CSE Insurance Group
- Industry: Insurance
- Founded: 1949; 77 years ago
- Headquarters: Walnut Creek, California
- Area served: Arizona California Colorado Idaho Nevada Oregon Utah Virginia Washington D.C.
- Products: Property insurance casualty insurance
- Parent: Covéa Insurance Group
- Website: cseinsurance.com

= CSE Insurance Group =

American insurance group

CSE Insurance Group, headquartered in Walnut Creek, California, is an American provider of property and casualty insurance. The company sells policies through the independent agent channel with roughly 700 agencies carrying their products, as well as through an online and phone direct marketing center.

==About==
Both channels market the products: homeowners, auto, landlords, boat, liability, commercial and umbrella insurance.
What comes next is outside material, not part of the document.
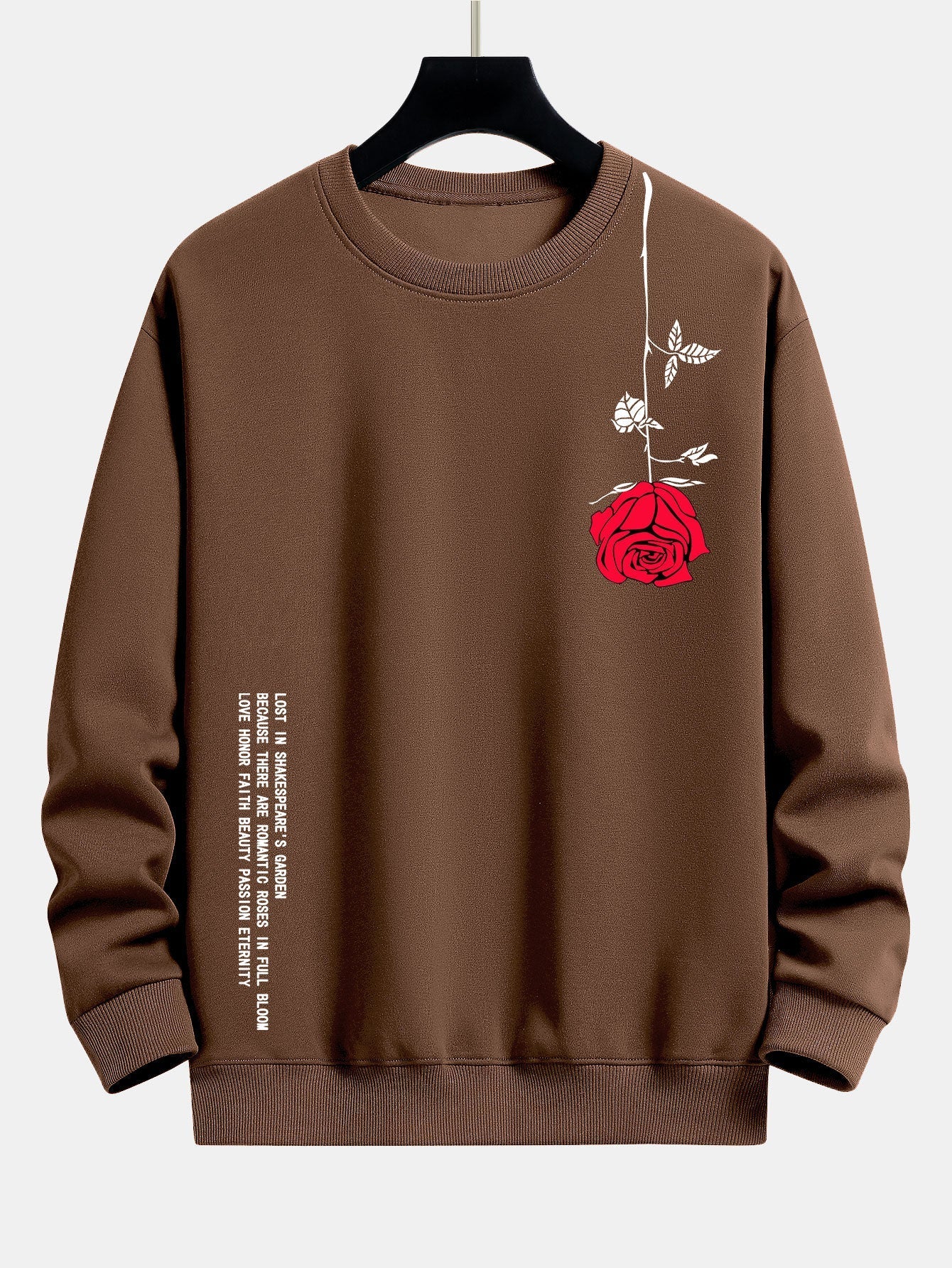 Relaxed Fit Sweatshirt with Slogan and Rose Print
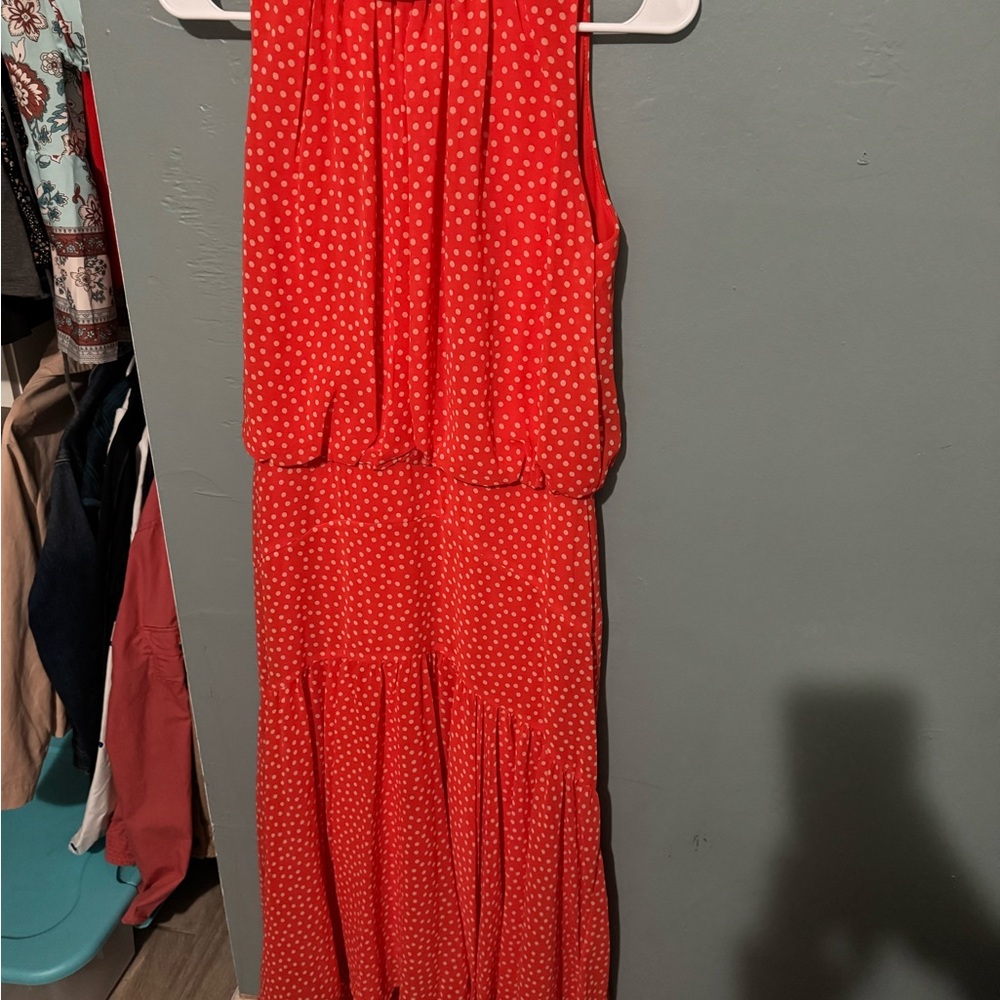 Kensie Red and White Maxi Dress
Areas of operation include Arizona, California, Colorado, Idaho, Nevada, Oregon, Utah, Virginia, Washington and Washington, D.C.
CSE owns and markets a trademarked auto insurance product called SAVE (Savings Advantage by Vehicle) whereby drivers pay for the exact miles they drive during that year.

The company is a subsidiary of the Covéa Insurance Group (Société de Groupe d'Assurance Mutuelle Covéa) headquartered in Paris, France.

==History==
CSE was founded in 1949 in San Francisco, California by Nelson Nichols. Originally, the company served only firefighters, police officers, postal workers and other government employees.

- In 1980, CSE extended its offerings to the general public.
- In 2009, CSE relocated from San Francisco, to Walnut Creek.
- In 2010 and 2011, CSE was included in Ward's 50 for top performing companies in the Property Casualty field.
A.M. Best Company has Given CSE Insurance Group a rating of A− (Excellent) and an issuer credit rating of A−.